The paper, published last month in the Journal of Tsinghua University (Science and Technology), laid out the plans for the dam, as first reported in the South China Morning Post. Researchers from the State Key Laboratory of Hydroscience and Engineering at Tsinghua University in Beijing explain the backbone of automation for the planned Yellow River dam that will eventually offer nearly five billion kilowatt-hours of electricity annually. (It’s worth noting that China’s Three Gorges Dam—a hydroelectric gravity dam spanning the Yangtze River, pictured above—is the world’s largest power station in terms of energy output.)
But it’s hard to tell what’s more ambitious: the fact that the researchers plan to turn a dam site into effectively a massive 3D-printing project, or that through every step of the process the project eliminates human workers as they go fully robotic.

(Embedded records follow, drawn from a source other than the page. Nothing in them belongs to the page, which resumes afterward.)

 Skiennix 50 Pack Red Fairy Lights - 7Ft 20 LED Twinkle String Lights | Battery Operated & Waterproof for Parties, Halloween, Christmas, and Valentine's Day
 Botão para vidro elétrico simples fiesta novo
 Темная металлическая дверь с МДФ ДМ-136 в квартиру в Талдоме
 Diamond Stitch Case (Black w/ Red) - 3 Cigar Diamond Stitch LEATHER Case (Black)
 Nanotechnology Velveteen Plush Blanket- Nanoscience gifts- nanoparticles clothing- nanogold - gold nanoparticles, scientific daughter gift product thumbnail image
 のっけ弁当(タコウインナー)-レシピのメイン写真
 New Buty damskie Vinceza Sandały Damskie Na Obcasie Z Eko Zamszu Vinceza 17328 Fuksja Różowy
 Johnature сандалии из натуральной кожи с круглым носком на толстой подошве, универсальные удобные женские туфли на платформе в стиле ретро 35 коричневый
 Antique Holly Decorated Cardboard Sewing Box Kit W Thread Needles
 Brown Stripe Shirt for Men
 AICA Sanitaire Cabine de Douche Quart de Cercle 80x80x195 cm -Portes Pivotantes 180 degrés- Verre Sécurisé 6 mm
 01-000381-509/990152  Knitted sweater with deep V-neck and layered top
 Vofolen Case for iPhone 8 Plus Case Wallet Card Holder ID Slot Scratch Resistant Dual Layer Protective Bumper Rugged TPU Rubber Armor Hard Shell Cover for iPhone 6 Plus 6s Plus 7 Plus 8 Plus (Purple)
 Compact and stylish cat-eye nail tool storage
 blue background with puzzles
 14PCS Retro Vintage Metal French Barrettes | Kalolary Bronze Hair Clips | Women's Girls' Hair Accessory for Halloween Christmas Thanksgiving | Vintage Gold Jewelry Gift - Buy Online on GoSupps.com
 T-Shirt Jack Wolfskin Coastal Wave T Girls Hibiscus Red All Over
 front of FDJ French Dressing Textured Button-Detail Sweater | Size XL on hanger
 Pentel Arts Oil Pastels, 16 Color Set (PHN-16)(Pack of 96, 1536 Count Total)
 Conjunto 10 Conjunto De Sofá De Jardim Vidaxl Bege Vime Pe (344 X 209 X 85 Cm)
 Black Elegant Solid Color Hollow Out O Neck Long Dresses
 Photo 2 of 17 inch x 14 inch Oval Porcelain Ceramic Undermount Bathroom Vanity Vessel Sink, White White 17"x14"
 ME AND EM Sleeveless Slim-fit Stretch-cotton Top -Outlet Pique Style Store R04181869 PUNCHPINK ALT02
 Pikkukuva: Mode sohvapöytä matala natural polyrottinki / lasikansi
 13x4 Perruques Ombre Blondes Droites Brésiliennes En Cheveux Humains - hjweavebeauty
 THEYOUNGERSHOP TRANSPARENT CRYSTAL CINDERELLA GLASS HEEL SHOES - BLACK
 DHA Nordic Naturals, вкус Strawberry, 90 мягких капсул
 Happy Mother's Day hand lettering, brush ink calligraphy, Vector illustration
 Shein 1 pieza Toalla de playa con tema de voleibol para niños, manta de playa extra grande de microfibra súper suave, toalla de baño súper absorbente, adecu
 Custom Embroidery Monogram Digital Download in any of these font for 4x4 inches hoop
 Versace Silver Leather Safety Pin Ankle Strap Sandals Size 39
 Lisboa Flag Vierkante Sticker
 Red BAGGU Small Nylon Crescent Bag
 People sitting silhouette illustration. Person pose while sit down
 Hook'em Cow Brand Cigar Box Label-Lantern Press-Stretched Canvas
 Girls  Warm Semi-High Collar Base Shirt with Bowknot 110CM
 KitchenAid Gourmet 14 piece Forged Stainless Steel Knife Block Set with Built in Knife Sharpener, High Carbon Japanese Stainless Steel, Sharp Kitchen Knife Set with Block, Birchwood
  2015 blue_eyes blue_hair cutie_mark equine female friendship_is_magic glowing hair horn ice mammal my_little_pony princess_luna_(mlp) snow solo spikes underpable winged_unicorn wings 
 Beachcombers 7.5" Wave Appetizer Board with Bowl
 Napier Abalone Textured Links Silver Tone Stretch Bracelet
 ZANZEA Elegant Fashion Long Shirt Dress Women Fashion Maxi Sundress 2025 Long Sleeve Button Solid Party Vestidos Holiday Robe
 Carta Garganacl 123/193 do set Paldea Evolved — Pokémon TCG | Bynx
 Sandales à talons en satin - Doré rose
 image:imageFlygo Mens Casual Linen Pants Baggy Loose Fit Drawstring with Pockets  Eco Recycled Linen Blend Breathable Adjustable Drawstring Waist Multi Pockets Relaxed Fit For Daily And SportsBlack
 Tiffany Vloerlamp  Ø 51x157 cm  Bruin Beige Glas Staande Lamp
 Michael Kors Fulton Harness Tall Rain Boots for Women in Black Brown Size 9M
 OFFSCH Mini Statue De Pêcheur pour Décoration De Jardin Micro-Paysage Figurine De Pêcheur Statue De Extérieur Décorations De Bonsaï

In the dam-“printing” process, machinery will deliver construction materials to the worksite—the exact location needed, eliminating human error, they say—and then unmanned bulldozers, pavers, and rollers will form the dam layer by layer. Sensors on the rollers will keep the artificial intelligence (AI) system informed about the firmness and stability of each of the 3D-printed layers until it reaches 180 metres in height.
With the largest existing 3D-printed structures rising about 6 metres tall—from houses in China to an office building in Dubai—the exploration of 3D-printed projects continues to expand. Already we’ve seen a 500-metre-long retention wall in China, housing and office buildings across the globe, and now the U.S. Army has plans for barracks at Fort Bliss in Texas.
Liu Tianyun, the paper’s lead author, says that the central AI system keeps the robotic assembly line humming and the 3D printing on task at the Chinese dam site, while also eliminating human safety concerns and removing human error from the process. This could ensure the efficient delivery of materials and the precision needed to keep each layer of the dam in line and on the level.
With an already expanding array of 3D-printed projects the world over, if China can pull off this feat in two years, led by an AI system controlling a fleet of robots, that may open the future possibilities of AI-controlled 3D-printed construction projects.